The truth is, if you look to your mind and your fantasies, it’s easy to formulate a plan for an above-average sex life. But sadly, few people will ever express their dissatisfaction to their partner. And even fewer will just tell their partner what they want and how they want it, which is truly the easiest way to increase your libido and sexual quality.
If your sex life is below average or you’re unhappy in your relationship, experts suggest you look beyond the simple characteristics of a good sexual partner and try to understand what your relationship is lacking. Not what the sex is lacking, but what the relationship is lacking. What would happen if you expressed your dissatisfaction about the quantity or quality of your sex life to your partner? How would your partner react if you told them you were fantasizing about bondage or some other erotic form of a sexual encounter? Truth is, we all have those thoughts, those perversions, and those fantasies, and yet very few are willing to share them within a relationship.
So what happens? Sex becomes less than average—a chore, something on the to-do list that can easily be bumped by any other task. Then, the whole thing snowballs. Feelings get hurt, sex is compromised, and soon you are stuck in the midst of a below-average sex life.
The intent of this article—of asking whether or not you are less than average in the bedroom—isn’t to shed light on your sexual inadequacies. It is simply to open the door to understanding so that you can improve your sex life. Ask yourself how you really feel about your sex life with your partner. Write down an HONEST, open, and completely revealed list of ten things that you would like to see change sexually between you and your partner. Ten things that would make you feel like your sex life is not below average, or even average, but above average.

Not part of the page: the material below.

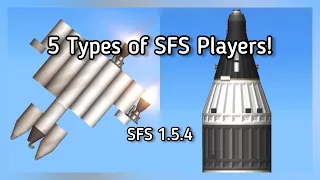 5 TYPES OF SFS PLAYERS! | SFS 1.5.4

Have your partner do the same thing. Then swap lists and see what changes you can make on the fly, throwing your inhibitions, hang-ups, and resentments out the window so the two of you can connect sexually. And remember, if you’re not going to present ten honest things, there’s no point in even trying.
Listen. If your sex life is below average, it isn’t because just ONE of you is doing something wrong. It doesn’t mean you are a crappy lover, or that your partner is going to leave you. It doesn’t mean that your partner is going to cheat (at least not at first). But it does mean that the two of you need to take proactive steps—starting now, by forwarding this article to your partner—so you can make improvements. Sex is a huge part of life, from the emotional to the physical—and one aspect that is specifically designed for your pleasure and enjoyment. If you’re not taking advantage of sex in your life and settling for a below-average sexual relationship, you’re only cheating yourself.